Histoire de la dynastie

Vers -132 (ou -136), un chef de tribu, Aryu (ou Ariou, -132/-127 ou -136/-127), s'affranchit des Séleucides qui gouvernaient la ville et fonda un royaume (ou principauté) indépendant avec Édesse pour capitale. À part quelques souverains d'origine arménienne ou parthe, la plupart étaient nabatéens. Ce royaume, qui sera quelquefois appelé principauté des Abgar (11 souverains porteront ce nom), parviendra à conserver son autonomie pendant près de quatre siècles, malgré les divers conquérants qui traverseront son histoire.

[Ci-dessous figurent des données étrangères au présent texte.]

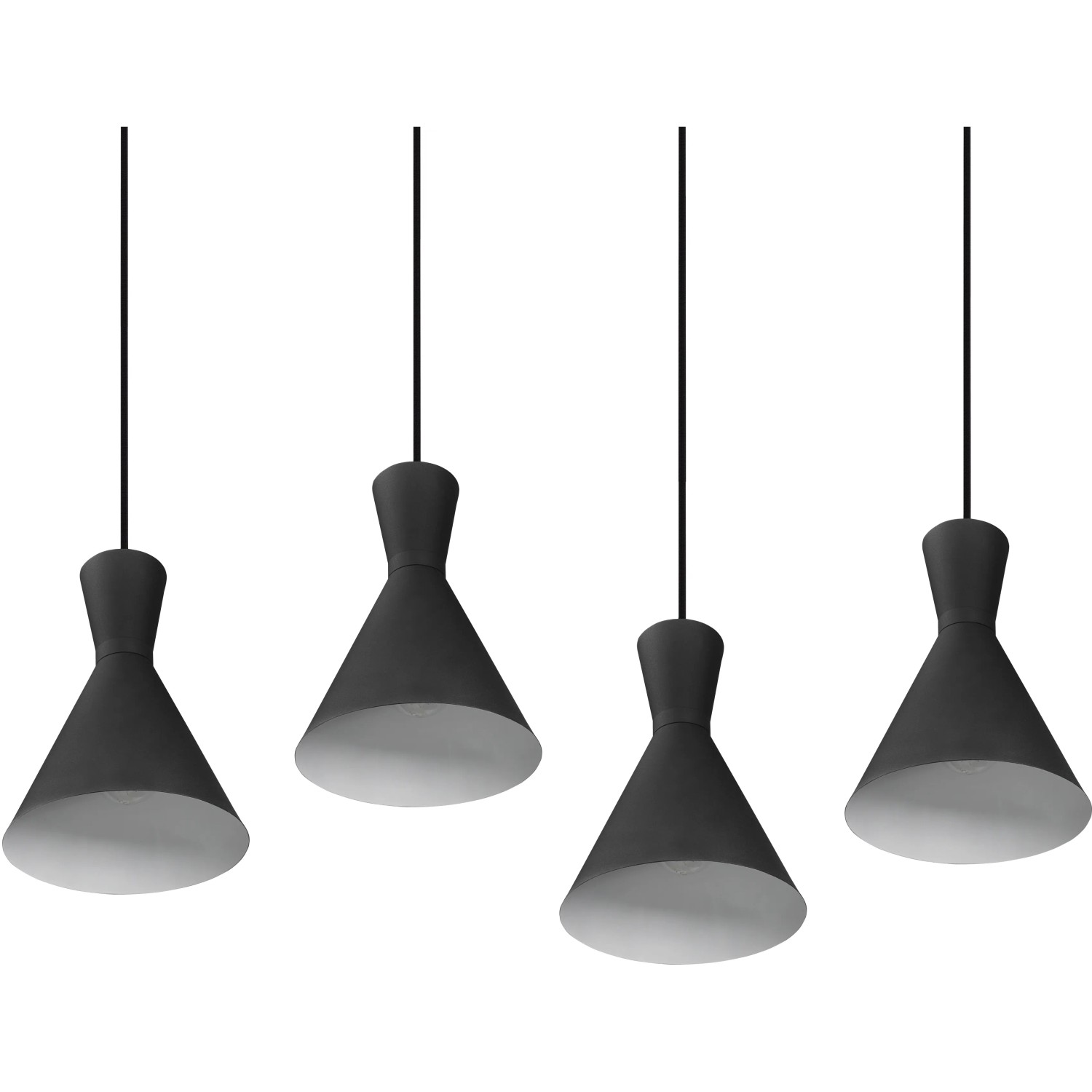 Schwarze Reality Pendelleuchte Enzo mit vier Lampen für Ess- und Wohnzimmer.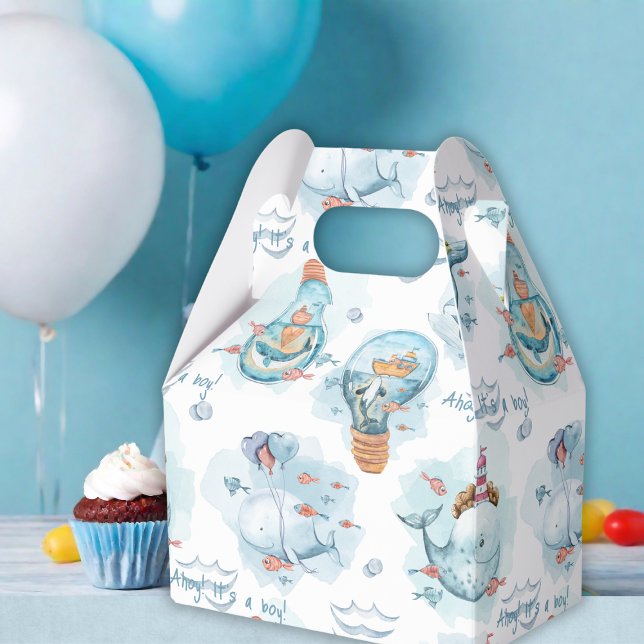 Ahoy It's A Boy Whale Baby Shower Guest Favour Box (Ahoy It's A Boy Whale Baby Shower Guest Favor Boxes
)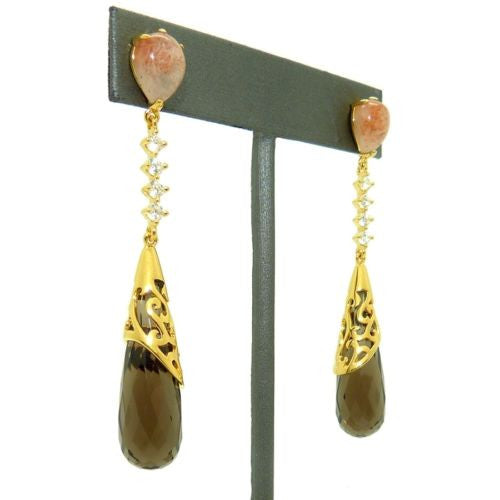Cristina Sabatini Moon Drop Earrings14K Gold Sunstone Smokey Crystal - ILoveThatGift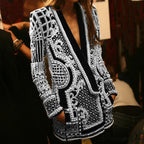 Beading Design Long Sleeve Vintage Coat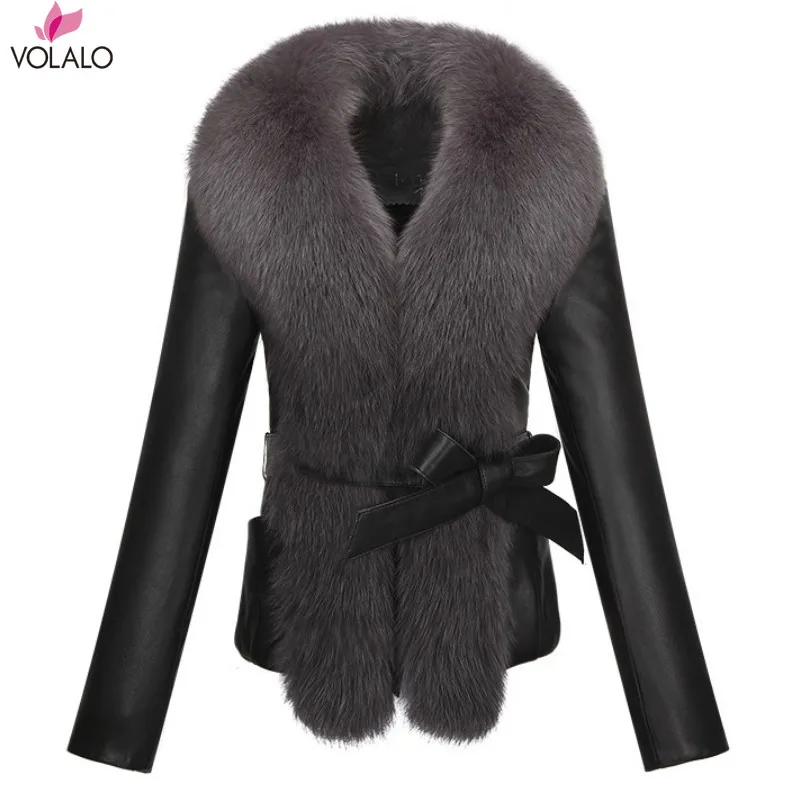 VOLALO New 2024 Winter Fur Coat Faux Fur Rabbit Fur Fox Fur Collar Long Leather Women Large Size Coat Outwear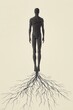 © S - Human silhouette growing from tree roots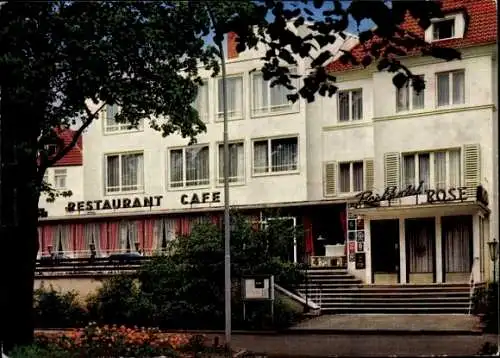 Ak Bad Hersfeld Hessen, Parkhotel Rose, zu Gast bei Lukullus, Außenansicht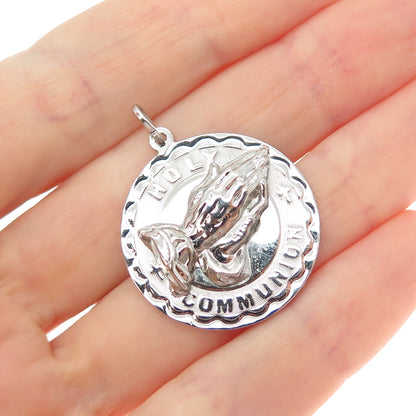 SPENCER 925 Sterling Silver Vintage Holy Communion Praying Hands Charm Pendant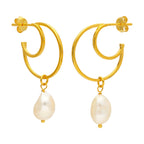 Gold Plated Sterling Silver Pearl Drop Hoop Stud Earrings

Selon Pline l'Ancien, à l’époque romaine, les habitants étaient des Arabes et leurs souverains auraient porté le titre de phylarque (chef d’une phylé) ou toparque (magistrat). Le royaume s'étendait au nord jusqu'aux Monts Taurus, à l'ouest jusqu'à l'Euphrate, qui le séparait de la Commagène, et à l'est jusqu'au Tigre. Il comprenait, à part Édesse, des villes importantes comme Carrhes (Harran), Nisibe (en Mésopotamie), Rhesaena, Saroug, Singara (Sinjar, Irak), Zeugma sur l'Euphrate, qui était la réunion des villes d'Apamée (rive gauche) et de Séleucie de l'Euphrate (rive droite) et un passage obligé pour les caravanes.

À l'époque du premier triumvirat, Édesse fut l'alliée des Romains. Le proconsul Crassus, à la tête d'une armée de 42 000 hommes, franchit l'Euphrate sur les conseils d'Abgar II Bar Abgar et attaqua la Mésopotamie dans le but de prendre Séleucie du Tigre. Mais il fut trahi par Abgar II qui se rangea du côté des Parthes. Crassus fut battu à la bataille de Carrhes et dut fuir en Arménie (selon Plutarque, v.48-125).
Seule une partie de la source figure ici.